I was also getting this kind of error. And it took me a whole day to find the cause of the problem. So, I changed a lot of things and among them:

  • I explicitly set "upload_tmp_dir" directive in php.ini - it was irrelevant;
  • Checked and increased values for both "upload_max_filesize" and "post_max_size" directives in php.ini - it was also not the cause.
  • Created all the folders in my document root directory: "images/" and "images/temp/" - didn't help though is necessary.

The problem was that there was a separate root for AJAX post request for image preliminary upload (Silex/Symfony library), and in the example I copied, the author (deliberately) left out the "url" option from the request, as in:

$('#fileupload').fileupload({
    dataType: 'json',
    url: '/post/upload', // this was missing
    replaceFileInput: false,
    fileInput: $('input:file'), ...  

At the same time, the form, where this element belonged to, had its own route set to "/post/" and, with "url" option missing, the plug-in, obviously took it from the parent form.

As such, no controller was called, the uploaded file was unprocessed, and the text of the error was misleading.

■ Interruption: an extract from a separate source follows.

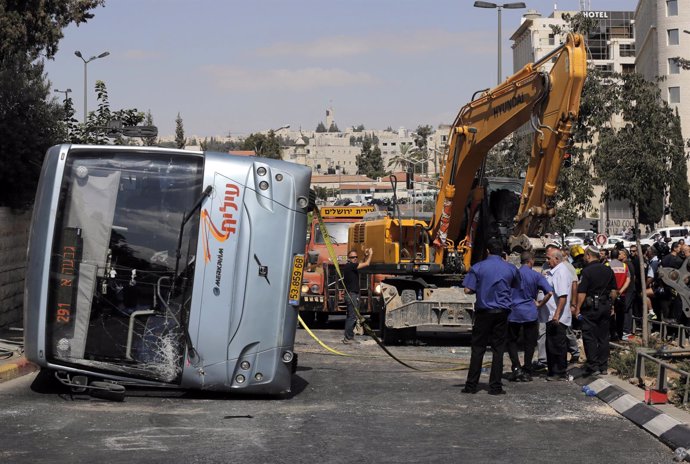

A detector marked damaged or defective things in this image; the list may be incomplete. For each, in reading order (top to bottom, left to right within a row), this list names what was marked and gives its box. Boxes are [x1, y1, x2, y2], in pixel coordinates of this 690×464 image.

PS. This "auto substitution" by the plug-in might also affect the methods used for request (PUT or POST), as I used both in controllers - "PUT" for the form and "POST" for the fileupload management, but I didn't check.

Comments

0

I tried reviewing all available messages in console and I found this

always: function(e, data) {
    console.log(data.jqXHR.responseJSON.files[0].error);

In my part, I got the error due to the file I'm uploading exceeds the upload_max_filesize directive in php.ini

The won't give the you the exact error.

console.log(data.messages);

Comments

-1

Make sure your form only has inputs that are what AWS expects. Do not add extra form fields of your own. Or if you do, remove them with JS before the AWS upload begins.